Grounded in your heart, offer gentle observations free of judgement. With kindness and presence, place attention on what you notice happening, rather than your reaction to it.
Witnessing with Compassion means paying attention to what is happening in the room, from a relatively calm place inside. It involves watching, listening, awareness . . . taking in not only the words spoken and any visuals (whether explicitly part of a presentation or unconscious body language), but also the tone, emotions, and energy present. The pattern could apply to a facilitator noticing a speaker; a facilitator noticing those who are not presently speaking; or one part of the group paying attention to another part of the group, for example in a "fishbowl" format. The information received then helps guide decisions on what is needed next.
In order to successfully engage this pattern, one must be able to listen and watch without judgement. Of course interpretation, evaluation, and judgement are very important too, but if you are jumping into them too fast, then you lose the neutrality. A compassionate practitioner maintains curiosity and a consistent openness to new information. Noticing what's going on lets you know whether the proceedings are unfolding in a manner that fulfills the purpose of the gathering, or whether intervention is needed. If your attention is diffuse, this may be referred to as "attending to the field," whereas if your attention is focused in on one person speaking, it may simply be good listening.

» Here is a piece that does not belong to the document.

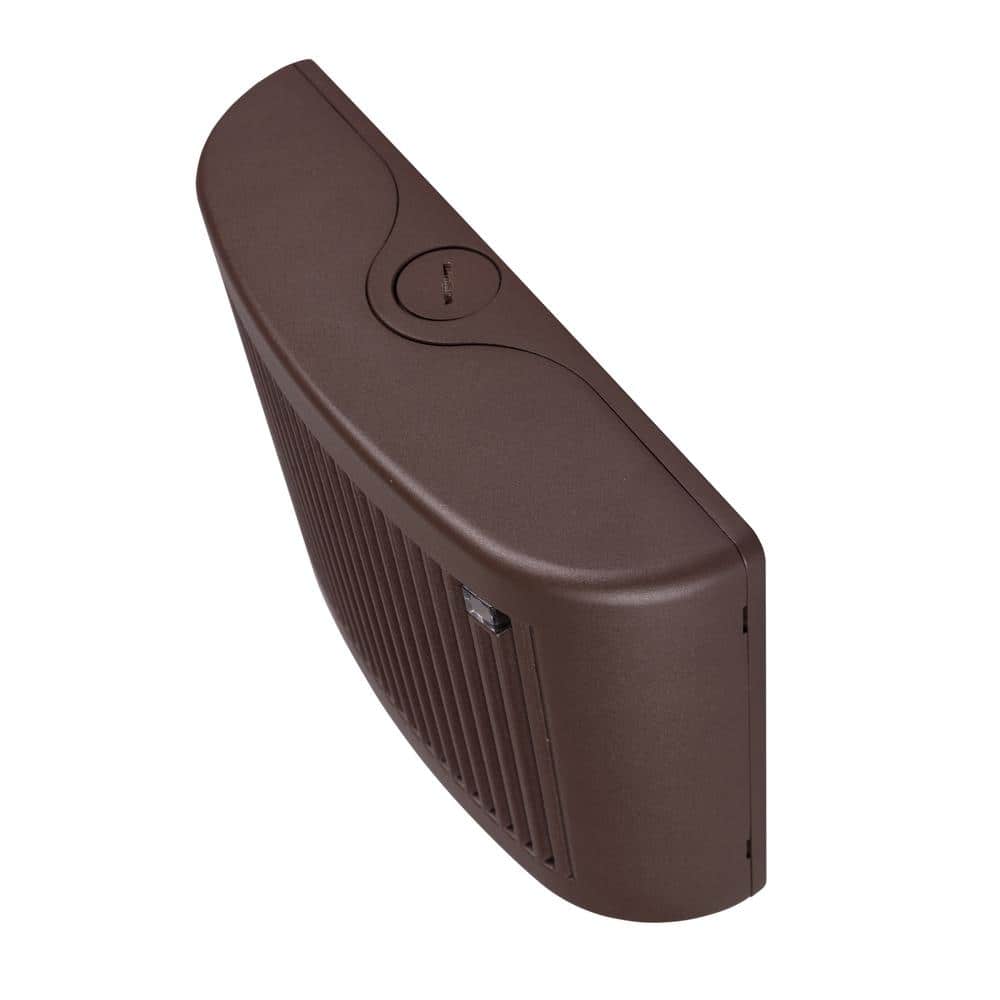 Bronze Matte Outdoor LED Emergency Wall Light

When something happens that you have a personal charge about, say something that offends you, triggers an unpleasant memory from your past, or makes you feel uncomfortable, then it becomes difficult (or impossible) to simply Witness. Everyone has this happen sometimes! However, if it happens too frequently, then it will get in the way of serving as a facilitator or convenor. The most effective means for confronting this in yourself is probably a steady personal practice, as well as setting personal intention each time before a session begins.
If you are guiding a group in witnessing with compassion, and all or some of the group gets triggered and off-kilter, then acknowledging the emotions present is usually the first step toward returning to a state of non-judgemental compassion. The second step may be a simple reminder about distinguishing observation from interpretation or evaluation.
While staying calm is often useful, witnessing with compassion is not an appropriate response to every situation. If you are always in neutral mode, then you are missing an essential part of the human experience.